# 10 month old picture.



## whimsy (Apr 3, 2010)

I know I take way too many pictures of Whimsy...LOL She is usually pretty co-operative with a piece of cheese in front of her nose! I wish I could get her to keep bandanas on for longer, but she hates them and off they come after the photo is taken..hates anything in her hair too...that is why I keep her hair trimmed out of her eyes instead of a topknot. I gave her a bath yesterday and she is extra poofy! I try to take a nice picture of her every month...At least for her first year.


----------



## motherslittlehelper (Mar 18, 2010)

Terrific pictures of a beautiful Whimsy! And you even got her to 'smile'. She looks like such a 'girly' girl in them. I did not realize she is only ten months old. Just want to pick her up and 'squeeze' on her!  Such a great job!


----------



## krandall (Jun 11, 2009)

whimsy said:


> I know I take way too many pictures of Whimsy...LOL She is usually pretty co-operative with a piece of cheese in front of her nose! I wish I could get her to keep bandanas on for longer, but she hates them and off they come after the photo is taken..hates anything in her hair too...that is why I keep her hair trimmed out of her eyes instead of a topknot. I gave her a bath yesterday and she is extra poofy! I try to take a nice picture of her every month...At least for her first year.
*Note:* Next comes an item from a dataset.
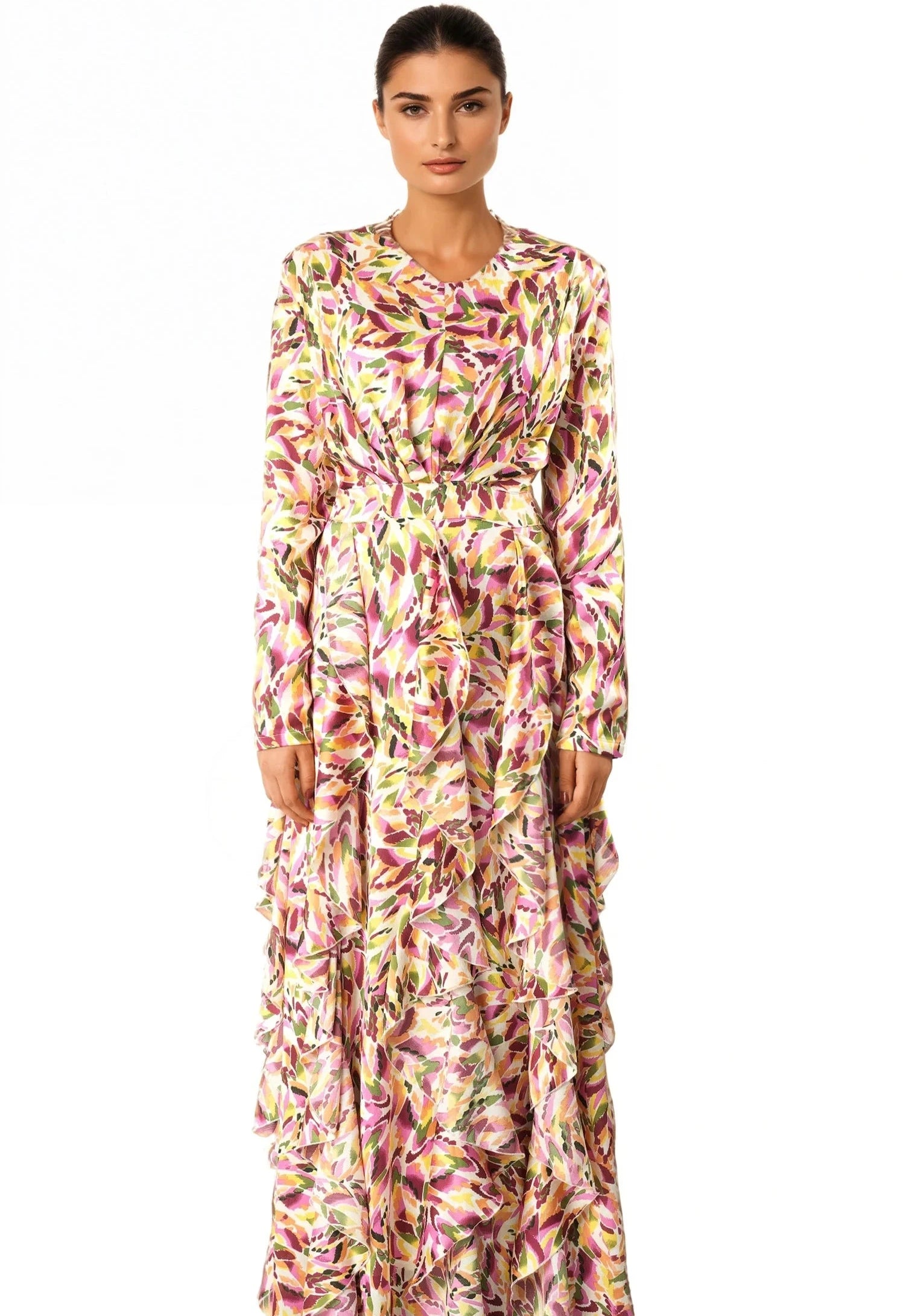 Aaliya abstract art Ruffle modest dress Kabayare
Whimsy looks adorable! And I love the way you do her bangs... very similar to what we do with Kodi!


----------



## morriscsps (Aug 17, 2010)

So so sweet and pretty. 

I have a grooming question. Jack has been groomed a couple of time by a professional but I do want to learn to do it. We tried to do bangs similar to Whimsy's but haven't gotten it yet. What he has works but I think slightly longer strands would lie better.
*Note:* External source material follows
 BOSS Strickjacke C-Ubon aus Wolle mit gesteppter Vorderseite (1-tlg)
How long are her bangs once you get past the eyebrow area?


----------



## Suzi (Oct 27, 2010)

Whimsy looks so pretty! you do a very nice job on her bangs. I will have to get Maddie all washed up to show you the hack job I did on the poor girl. I have not finished yet it is a process the problem is the bangs are getting shorter and shorter. Now her ears look too long oh then her beard looked funnie so I hacked at that too.  I figure she will look cute again someday:frusty:


----------



## HavaneseSoon (Nov 4, 2008)

She is a beautiful girl! I love the smiling picture!


----------



## whimsy (Apr 3, 2010)

Thanks for the compliments!! Actually,,,,I have absolutely no clue what I am doing with her bangs. Just flying by the seat of my pants. Basically cutting them but not staight across or blunt. Just kind of choppy.( I cut my bangs the same way between trips to the salon LOL) I keep the inner corner of her eyes trimmed to help with any staining and then just her feet a little bit and her butt.
I am determined to keep her coat long, and have not had any problems with matts so far.( knock on wood) I brush her once a day, sometimes twice. She enjoys it and I do too and that is half the battle.


----------



## Ninja (Nov 1, 2010)

I love the pictures and love her look...Whimsy looks beautiful I'm sure your able to get cute pictures of her more then once a month!!


----------



## The Laughing Magpie (Aug 20, 2009)

Whimsy is such a doll and good for you keeping her coat nice. I too love the smiling pictures.


----------



## LuckyOne (Sep 3, 2009)

Just adorable!


----------



## Cailleach (Jan 30, 2010)

Great littler "poser" you have there, what a sweetie!!!


----------



## dbeech (Jun 16, 2009)

Whimsy has such a sweet, pretty faces! Keep posting pics. I love seeing them!


----------



## jacqui (Aug 7, 2007)

She is so pretty. I love taking their photos after they have had a bath.


----------



## Kathie (Jul 31, 2008)

She looks adorable in her fancy bandanna! I love her bangs, too. I tried once and didn't do too well!


----------



## MaggieMay (Sep 8, 2010)

So so cute!!!


----------



## Pixiesmom (Jul 31, 2008)

Adorable-wish I could kiss that face!


----------



## Sissygirl (Aug 8, 2007)

She looks like a very happy loved little girl - she's precious!


----------



## hartman studio (Feb 14, 2008)

Whimsy is beautiful-love the pictures. Also love the way you have faded out the edges of the pics to focus just on Whimsy.


----------



## whimsy (Apr 3, 2010)

Thank you for the compliments everyone!


----------



## divastar226 (Feb 3, 2011)

She is such a cutie, makes me even more excited to get my little boy!!


----------



## gelbergirl (Jun 9, 2007)

she's just beautiful . . . .


----------